Ed è proprio nel senso comune, ma anche in parte della letteratura di settore, che si riflettono diverse rappresentazioni del contesto montano in cui ha luogo il fenomeno, tra le quali spicca su tutte l’idea diffusa di montagna intesa come territorio marginale in sé e per sé [Salsa 2007; 2011]. Tale marginalità della montagna si pone come un’interpretazione indiscussa, e si può dire che ha come contraltare lo sviluppo della modernità metropolitana urbano-centrica. Si tratterebbe, così si può dire, di una delle poche certezze che sia consentito riconoscere in una società oramai da tempo segnata dalla cultura dell’incertezza, nell’epoca tardo-moderna e liquida della globalizzazione [Bauman 1999; 2000]. Un dato di fatto, una sorta di dogma dal quale, secondo la suddetta rappresentazione urbano-centrica, non ci si può più separare (se non attraverso un radicale ripensamento degli usi e degli equilibri territoriali, come vedremo).

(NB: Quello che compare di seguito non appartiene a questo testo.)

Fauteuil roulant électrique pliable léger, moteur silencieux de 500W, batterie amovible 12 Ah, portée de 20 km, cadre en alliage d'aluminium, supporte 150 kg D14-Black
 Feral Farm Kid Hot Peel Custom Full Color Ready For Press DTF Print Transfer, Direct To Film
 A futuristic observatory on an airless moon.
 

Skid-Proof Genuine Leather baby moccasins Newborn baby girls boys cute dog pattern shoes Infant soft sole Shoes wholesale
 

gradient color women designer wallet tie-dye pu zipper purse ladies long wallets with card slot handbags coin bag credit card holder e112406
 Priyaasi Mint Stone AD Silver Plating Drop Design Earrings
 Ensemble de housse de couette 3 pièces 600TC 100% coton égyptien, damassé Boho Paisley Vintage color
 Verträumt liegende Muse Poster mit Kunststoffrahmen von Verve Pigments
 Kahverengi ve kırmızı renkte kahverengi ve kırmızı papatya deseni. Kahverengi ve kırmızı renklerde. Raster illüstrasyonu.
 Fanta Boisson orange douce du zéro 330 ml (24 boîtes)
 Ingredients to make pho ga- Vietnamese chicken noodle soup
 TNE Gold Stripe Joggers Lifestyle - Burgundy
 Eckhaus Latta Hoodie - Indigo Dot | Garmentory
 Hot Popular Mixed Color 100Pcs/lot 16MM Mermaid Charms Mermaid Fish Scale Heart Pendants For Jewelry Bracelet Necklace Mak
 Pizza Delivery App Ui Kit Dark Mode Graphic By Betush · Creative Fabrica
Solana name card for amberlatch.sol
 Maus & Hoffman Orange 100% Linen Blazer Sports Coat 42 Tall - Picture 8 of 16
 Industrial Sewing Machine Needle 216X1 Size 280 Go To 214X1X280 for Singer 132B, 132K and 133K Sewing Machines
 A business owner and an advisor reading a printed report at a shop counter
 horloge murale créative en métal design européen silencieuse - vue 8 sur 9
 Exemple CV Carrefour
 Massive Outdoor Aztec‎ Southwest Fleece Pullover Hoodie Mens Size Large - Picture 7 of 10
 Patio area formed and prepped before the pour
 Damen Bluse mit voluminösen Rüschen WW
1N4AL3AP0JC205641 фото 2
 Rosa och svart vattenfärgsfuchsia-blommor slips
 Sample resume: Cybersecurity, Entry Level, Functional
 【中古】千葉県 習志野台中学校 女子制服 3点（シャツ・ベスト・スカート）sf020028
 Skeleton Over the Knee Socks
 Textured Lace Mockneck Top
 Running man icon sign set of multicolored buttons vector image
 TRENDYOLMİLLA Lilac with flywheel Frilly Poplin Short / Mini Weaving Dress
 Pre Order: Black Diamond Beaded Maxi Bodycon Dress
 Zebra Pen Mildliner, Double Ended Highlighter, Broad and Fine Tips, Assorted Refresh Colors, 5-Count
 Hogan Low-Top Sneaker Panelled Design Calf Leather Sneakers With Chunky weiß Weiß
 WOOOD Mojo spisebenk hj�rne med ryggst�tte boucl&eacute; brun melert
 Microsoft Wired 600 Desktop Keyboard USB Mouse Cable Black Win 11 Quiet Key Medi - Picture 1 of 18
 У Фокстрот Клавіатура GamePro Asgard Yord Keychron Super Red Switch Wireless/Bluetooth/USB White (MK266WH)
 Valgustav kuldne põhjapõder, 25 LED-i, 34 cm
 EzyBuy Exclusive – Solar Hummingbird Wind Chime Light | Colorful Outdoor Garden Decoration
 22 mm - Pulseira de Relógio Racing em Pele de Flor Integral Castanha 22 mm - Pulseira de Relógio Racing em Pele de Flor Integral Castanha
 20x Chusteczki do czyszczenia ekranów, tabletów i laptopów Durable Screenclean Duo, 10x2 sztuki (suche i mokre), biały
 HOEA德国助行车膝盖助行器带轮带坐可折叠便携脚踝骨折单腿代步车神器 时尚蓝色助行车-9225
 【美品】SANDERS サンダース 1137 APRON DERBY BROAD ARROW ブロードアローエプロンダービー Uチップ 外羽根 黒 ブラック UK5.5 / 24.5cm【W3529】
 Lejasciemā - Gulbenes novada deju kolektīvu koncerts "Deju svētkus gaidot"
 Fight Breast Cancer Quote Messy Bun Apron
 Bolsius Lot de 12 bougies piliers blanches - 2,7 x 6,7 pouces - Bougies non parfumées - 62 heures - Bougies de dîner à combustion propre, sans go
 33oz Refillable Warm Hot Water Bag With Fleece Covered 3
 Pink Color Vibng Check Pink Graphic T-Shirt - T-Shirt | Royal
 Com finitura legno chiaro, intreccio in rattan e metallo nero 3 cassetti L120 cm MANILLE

Tale presa di posizione circa le aree più periferiche della montagna italiana viene ricondotta al carattere precario e {p. 157}fragile delle «Terre Alte» [Allocco 2008; Barbera e De Rossi 2021]: essa trova la propria giustificazione sulla base delle evidenze «oggettive» della geografia fisico-morfologica, da cui deriverebbe oltretutto, come in una sorta di automatismo riflessivo, la rappresentazione di una geografia «soggettiva» dell’esclusione che le stesse comunità rurali di montagna avrebbero maturato di sé stesse negli ultimi decenni, auto-riconoscendosi come «perdenti».
Attualmente, infatti, sostiene Salsa, nella montagna italiana sopravvivono stereotipi e pregiudizi che sono propri del territorio delle Alpi italiane del nord-ovest (ma l’osservazione è riferibile anche alle Alpi del nord-est e alla catena degli Appennini), frutto di decenni di «sguardi dall’alto» delle città (delle sue amministrazioni, dei suoi centri di potere) nei confronti di questi territori; immaginari che hanno condotto alla visione dicotomica e semplicistica delle montagne come luoghi per l’industria del loisir e del turismo di massa (producendo una «disneyficazione» della montagna) o, altrimenti, luoghi destinati all’abbandono, allo spopolamento e allo svuotamento demografico e culturale.
Prosegue Salsa mostrando come siano venuti a mancare i valori positivi incentrati sulla ruralità, che hanno resistito invece in altre aree montane come nelle Alpi germaniche (compresi l’Alto Adige e il Sud Tirolo), dove l’Heimat [3]
locale è rimasto incentrato sul bauer (il contadino, visto come portatore di conoscenze e di virtù), così come nelle Alpi francesi dove si assiste all’impegno di molti dipartimenti nella formazione dei giovani alle attività agricole e alla pastorizia.
Al contrario, in gran parte delle «Terre Alte» del nostro Paese, è prevalso l’immaginario del «montanaro perdente» [Salsa 2011].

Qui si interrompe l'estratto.